Des outils numériques commencent à être développés pour répondre à ces problématiques. Par exemple, en 2020, Microsoft a créé une IA appelée Video Authenticator, capable de détecter les fausses vidéos ou images. Une autre solution serait de mettre en place un système de certification des contenus publiés, par l’ajout d’un patch ou d’un élément visible pour authentifier leur véracité. Cependant, ces solutions ne sont pas encore généralisées et présentent encore des failles car elles ne permettent pas de détecter toutes les fausses informations. La question de la véracité de l’information est plus que jamais d’actualité et les professionnels de l’information et des médias doivent s’adapter à ces nouvelles réalités. Les cours d’EMI dispensés par les professeurs documentalistes sont donc essentiels pour agir contre les fake news, en formant les élèves à un usage réfléchi de ces outils.

 

ChatGPT dans l’enseignement

Au premier abord, les usages de chatGPT questionnent beaucoup et inquiètent de nombreux enseignants. En effet, il est assez facile de trouver sur Internet, à la radio ou autour de nous, des témoignages d’étudiants et d’élèves confiant qu’ils utilisent ChatGPT pour gagner du temps. L’IA leur permet par exemple de résumer un livre, formuler un plan de dissertation ou traduire un texte en quelques instants. La démocratisation de l’utilisation de ce genre d’IA interroge dès lors les méthodes d’enseignements et d’apprentissages.
ChatGPT 3 peut notamment remettre en question les devoirs à la maison car rien n’empêche les élèves d’utiliser ce chatbot pour réaliser une dissertation ou un écrit d’invention, les intelligences artificielles conversationnelles générant des textes dans un français presque parfait. Les élèves peuvent très facilement poser une question à l’IA et copier-coller l’information ou le texte donné sans citer leur source (ici ChatGPT 3).

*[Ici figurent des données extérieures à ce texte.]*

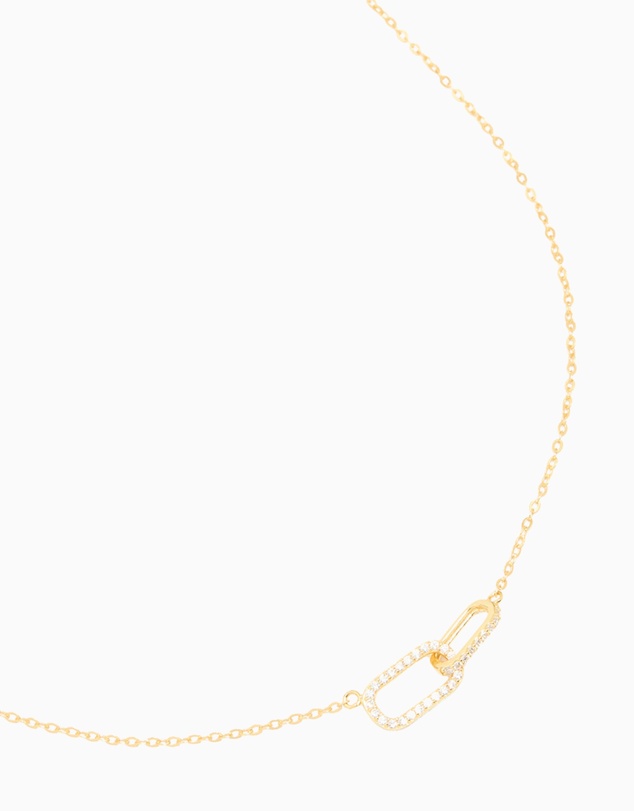 Lovisa - Gold Plated Sterling Silver Cubic Zirconia Oval Link Necklace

Un tel usage s’apparente non seulement à du plagiat, comme l’indique Keivan Farzaneh sur son site L’intelligence artificielle en éducation (rubrique Introduction au plagiat, 2023), mais, plus encore, les élèves utilisant ainsi cet outil ne font pas eux-mêmes le travail demandé et par conséquent n’apprendront rien de cet exercice. Il ne paraît donc plus possible de donner ce genre de devoir sauf si le sujet est d’actualité (dépassant 2021) ou s’il est suffisamment complexe pour que l’IA ne sache pas le traiter correctement. Pour minimiser les risques de plagiat (copier-coller d’un texte généré par une IA conversationnelle), les exercices de rédaction de textes devront sans doute se faire en classe plutôt qu’à la maison. Keivan Farzaneh ajoute également : « Si la rédaction se fait sur un support numérique, il est important de se promener régulièrement en classe, et lorsque possible, d’orienter les appareils des élèves dans une même direction afin d’avoir une vue d’ensemble de la classe plus facilement. » (rubrique Minimiser les risques de plagiat, 20237) Les enseignants vont devoir repenser les sujets, privilégier des études de cas ou des analyses de documents par exemple. L’arrivée de cette nouvelle technologie les encouragera peut-être à se tourner davantage vers l’expression orale, obligeant ainsi les élèves à réfléchir par eux-mêmes. Il faudra également insister sur l’illégalité et les conséquences du plagiat, même si le texte a été généré par un robot et que les élèves ne se rendent pas toujours compte que ce robot en est la source.
Reconsidérer l’ensemble de l’enseignement et des méthodes d’apprentissage à cause de ChatGPT n’est vraiment pas nécessaire. L’inquiétude ressentie aujourd’hui peut rappeler celle qu’a suscitée Wikipédia à ses débuts. Depuis, l’usage de cette encyclopédie a été encadré et étudié à l’école, menant à une utilisation plus réfléchie par tout un chacun. Tout comme Wikipédia, les chatbots peuvent être très efficaces dans certains cas mais il faut rester prudent quant à leur utilisation.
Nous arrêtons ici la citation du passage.